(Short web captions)
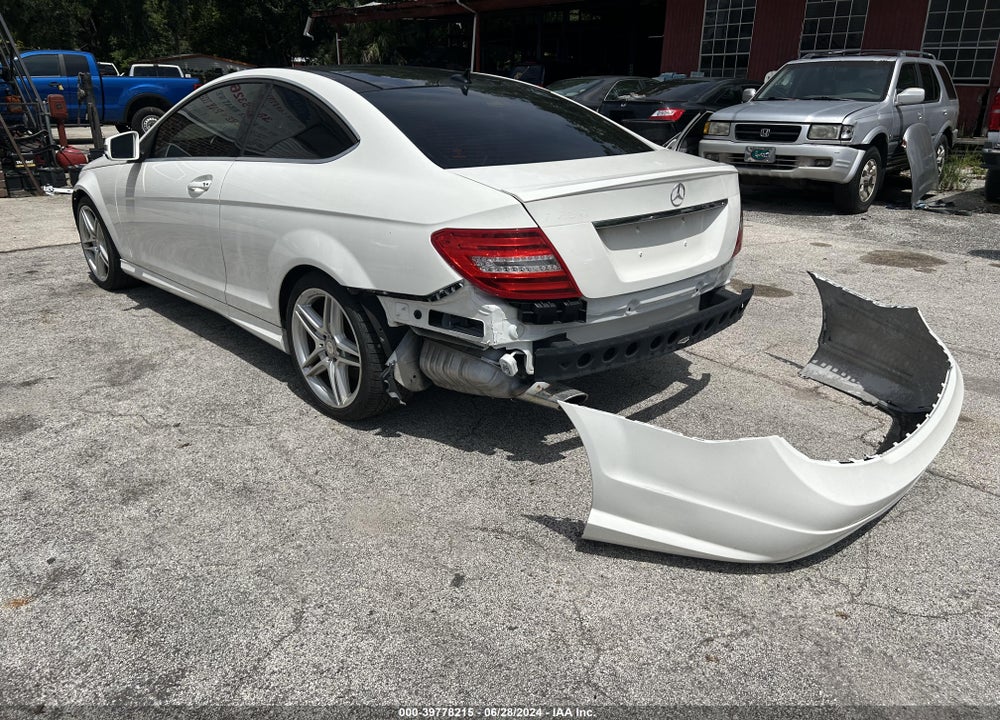 2015 MERCEDES-BENZ C CLASS VIN: WDDGJ4HB5FG386087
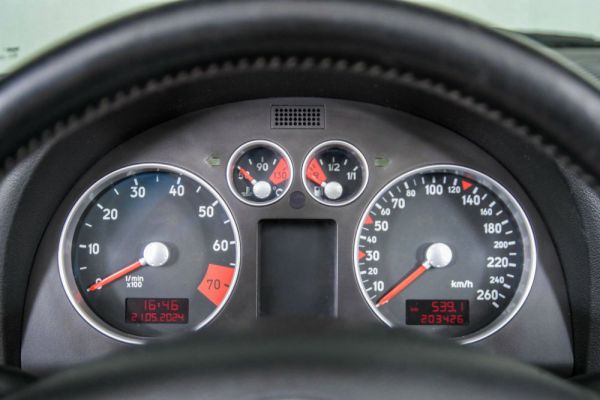 Audi TT 1.8 T quattro 2000 26352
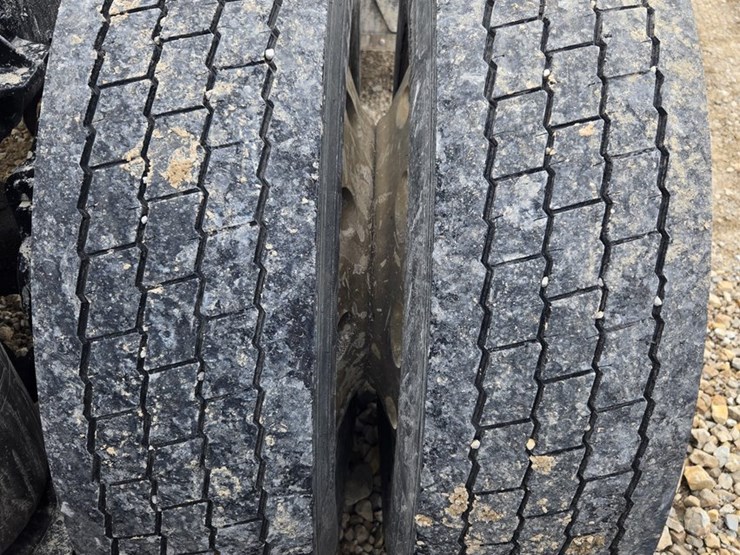 2000-peterbilt-379-image-91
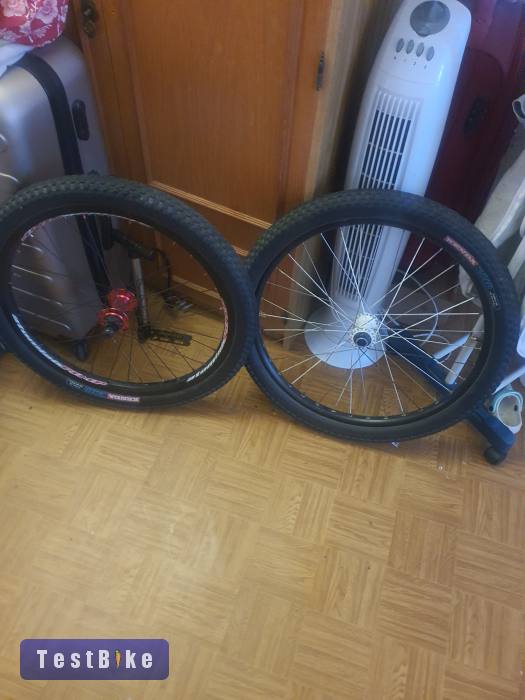 Eladó 24 komplett street kerekek 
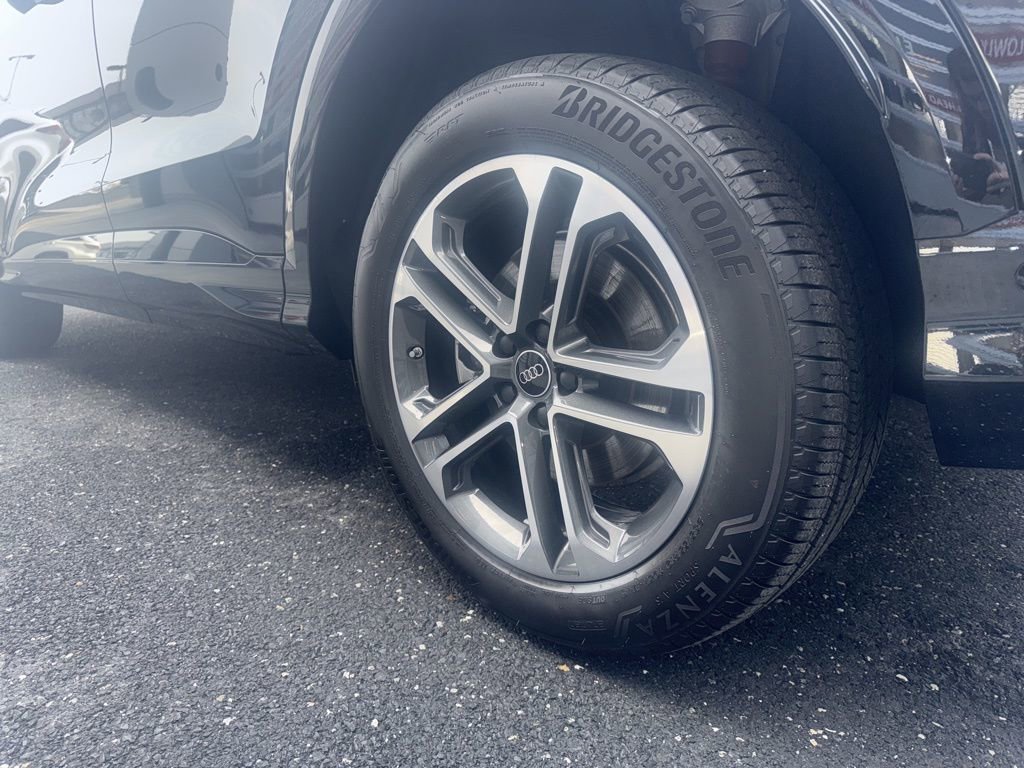 Used 2025 Audi Q5 Premium w/ 19" Wheel Package image 20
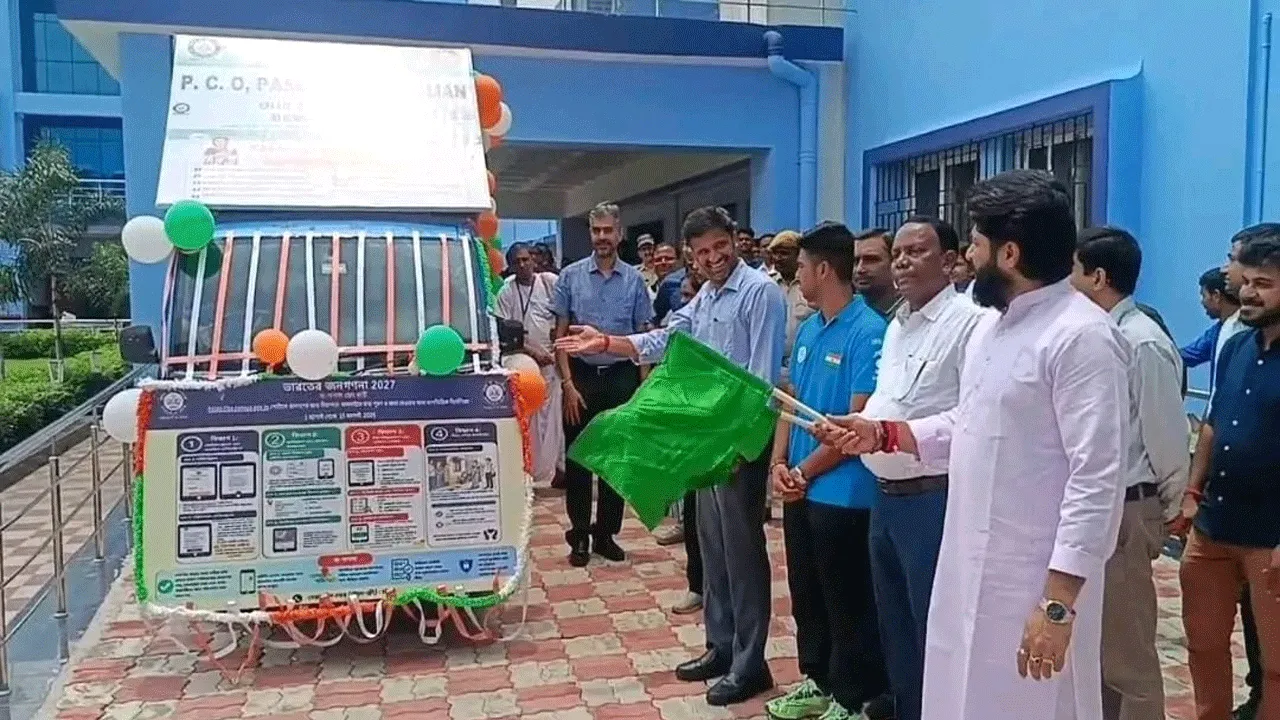 আসানসোলে বর্ণাঢ্য আয়োজনে শুরু জনগণনা: ট্যাবলো উন্মোচন ও ডিজিটাল উদ্যোগ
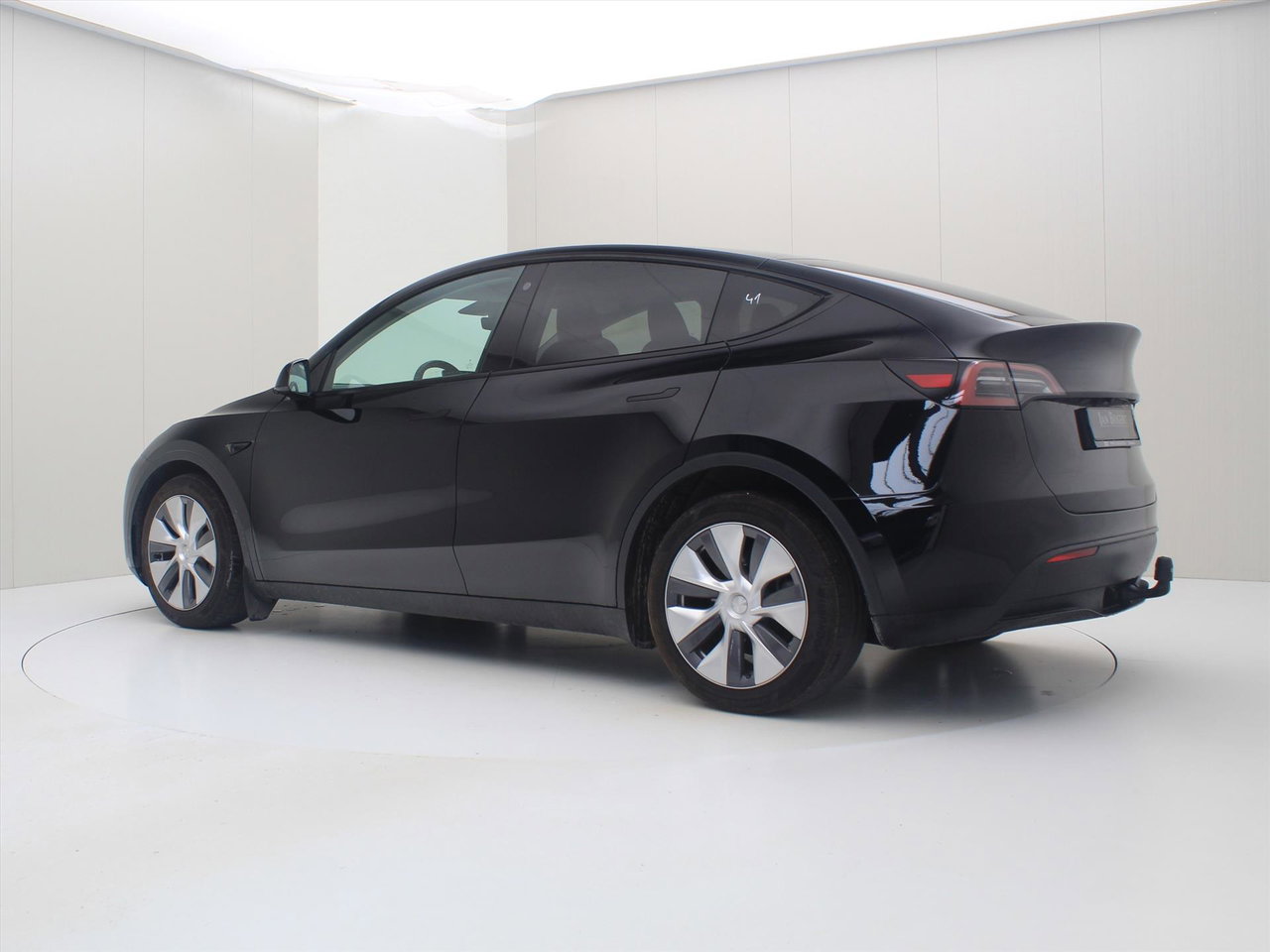 Tesla Model Y Long Range AWD 75kWh 351pk 93% SoH [ TREKHAAK+AMD RYZEN+AUTOPILOT+19 INCH+PREMIUM AUDIO ] 2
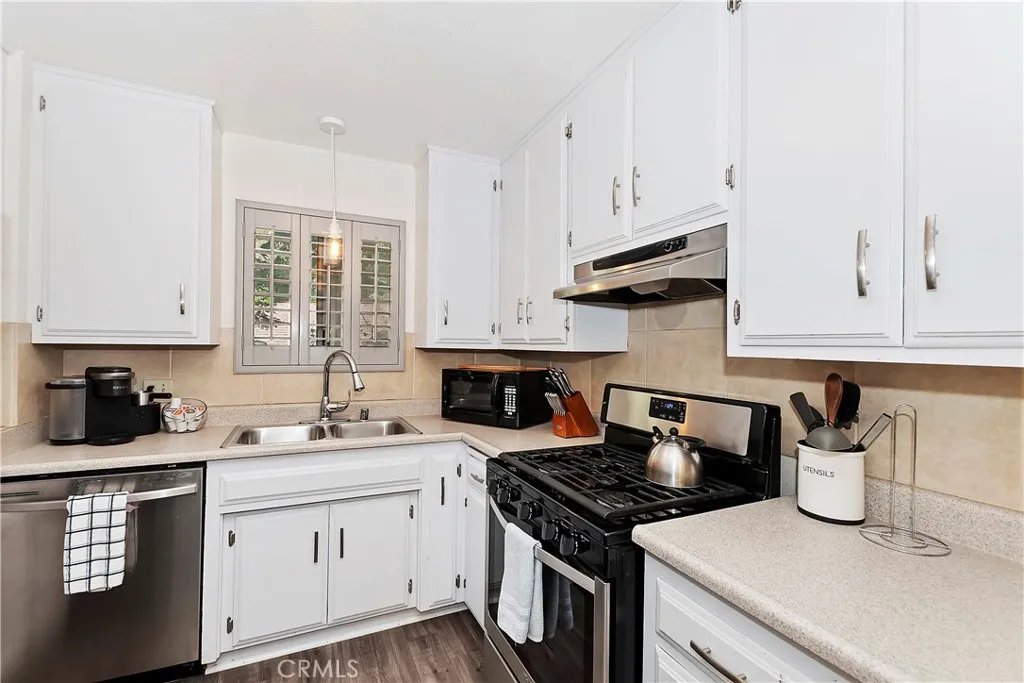 543 Community Drive, Lake Arrowhead, California 92352 home-pic-13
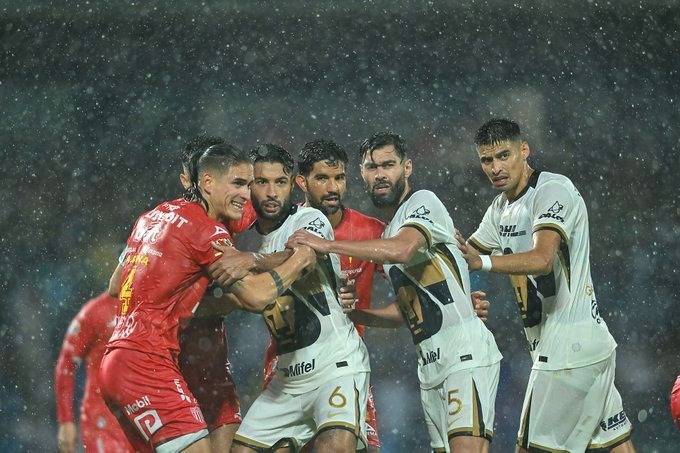 Necaxa y Pumas igualan en enfrentamiento número 100 en la Jornada 4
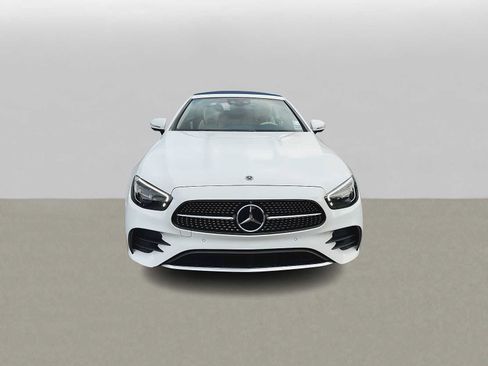 Used 2023 Mercedes-Benz E 450 4MATIC Cabriolet image 3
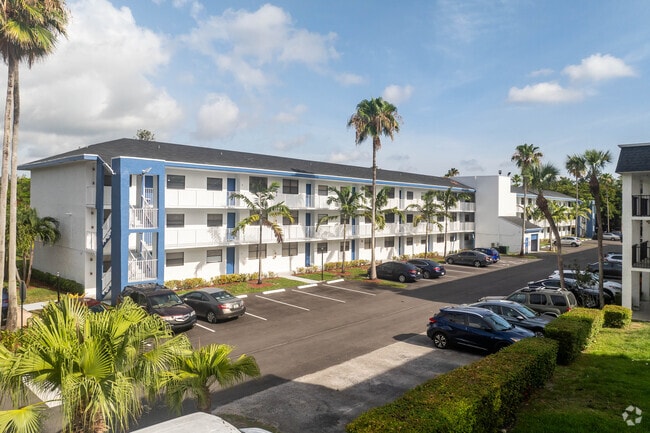 Building Photo - Westview Commons Rental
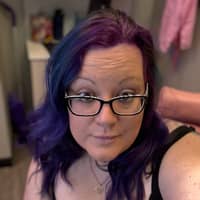 Sitter Profile Image: Courtney S.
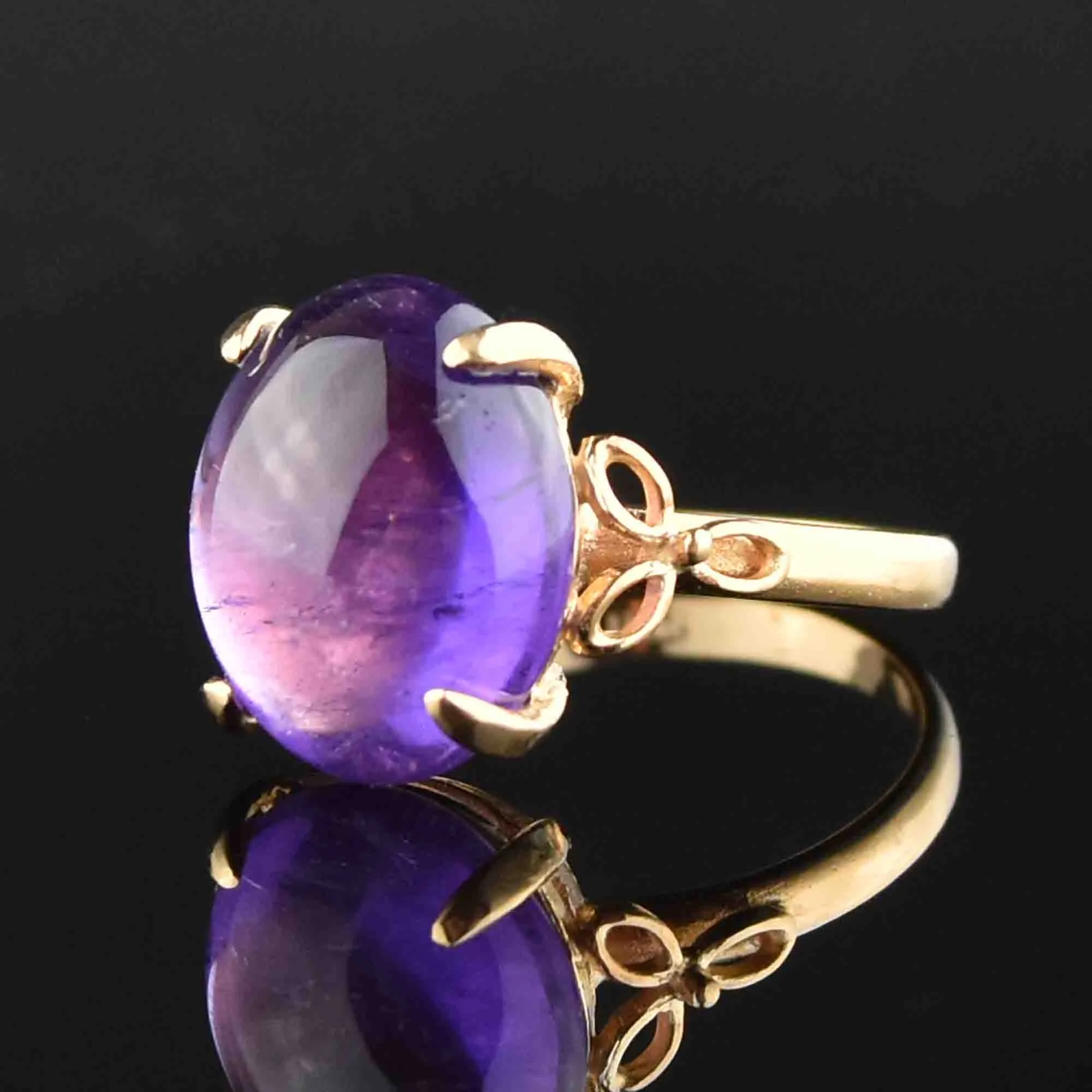 Vintage Amethyst Cabochon 14K Gold Ring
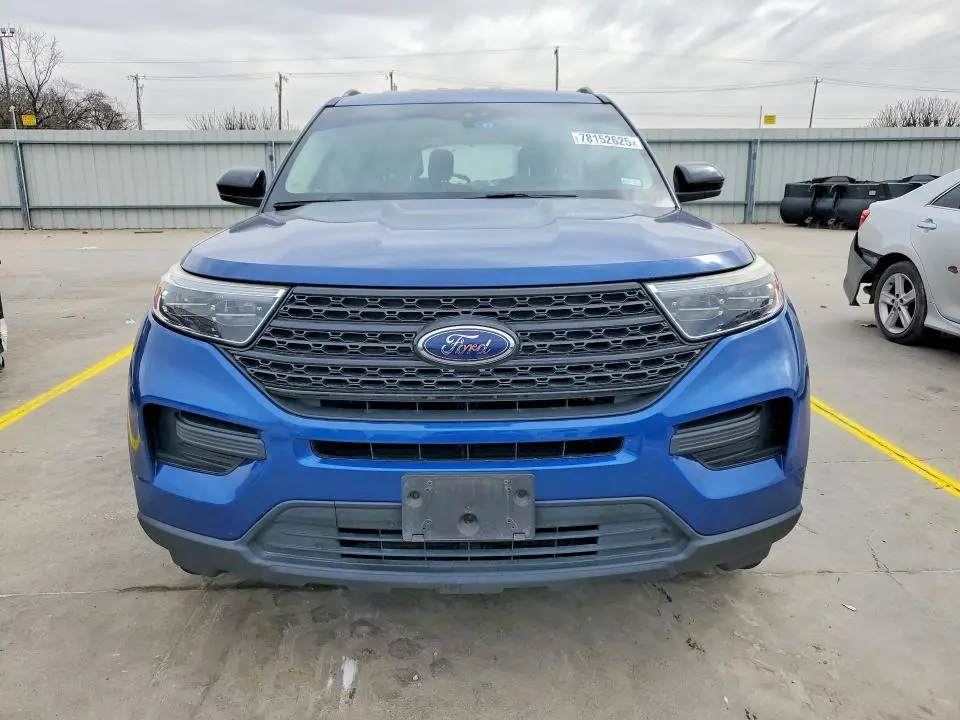 2021 FORD EXPLORER XLT  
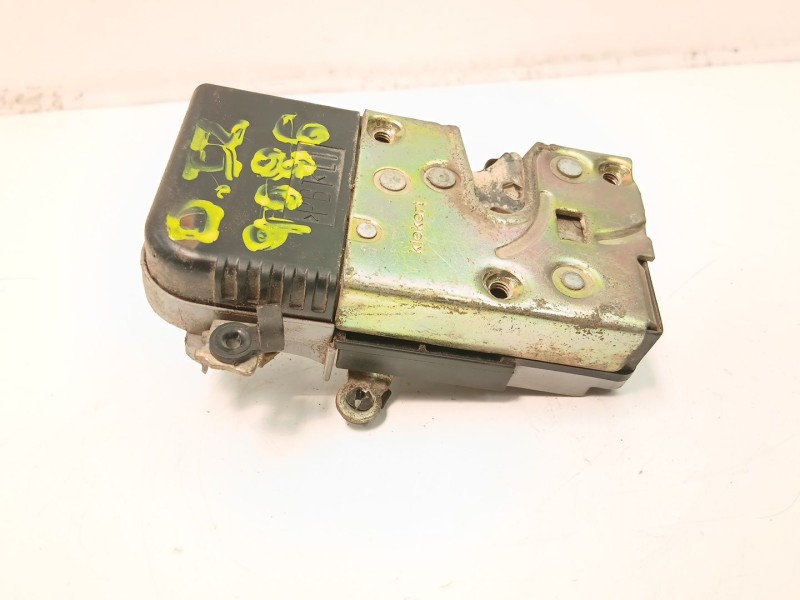Recambio de cerradura puerta delantera izquierda para peugeot 406 (8b) 2.2 hdi referencia OEM IAM 9135H8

__EXERCISE GOAL__:
Your response must consist of the lines from the beginning of the data through the line containing "Sitter Profile Image: Courtney S.", transcribed exactly, with no pictures.

__THE ANSWER__:
 2015 MERCEDES-BENZ C CLASS VIN: WDDGJ4HB5FG386087
 Audi TT 1.8 T quattro 2000 26352
 2000-peterbilt-379-image-91
 Eladó 24 komplett street kerekek 
 Used 2025 Audi Q5 Premium w/ 19" Wheel Package image 20
 আসানসোলে বর্ণাঢ্য আয়োজনে শুরু জনগণনা: ট্যাবলো উন্মোচন ও ডিজিটাল উদ্যোগ
 Tesla Model Y Long Range AWD 75kWh 351pk 93% SoH [ TREKHAAK+AMD RYZEN+AUTOPILOT+19 INCH+PREMIUM AUDIO ] 2
 543 Community Drive, Lake Arrowhead, California 92352 home-pic-13
 Necaxa y Pumas igualan en enfrentamiento número 100 en la Jornada 4
 Used 2023 Mercedes-Benz E 450 4MATIC Cabriolet image 3
 Building Photo - Westview Commons Rental
 Sitter Profile Image: Courtney S.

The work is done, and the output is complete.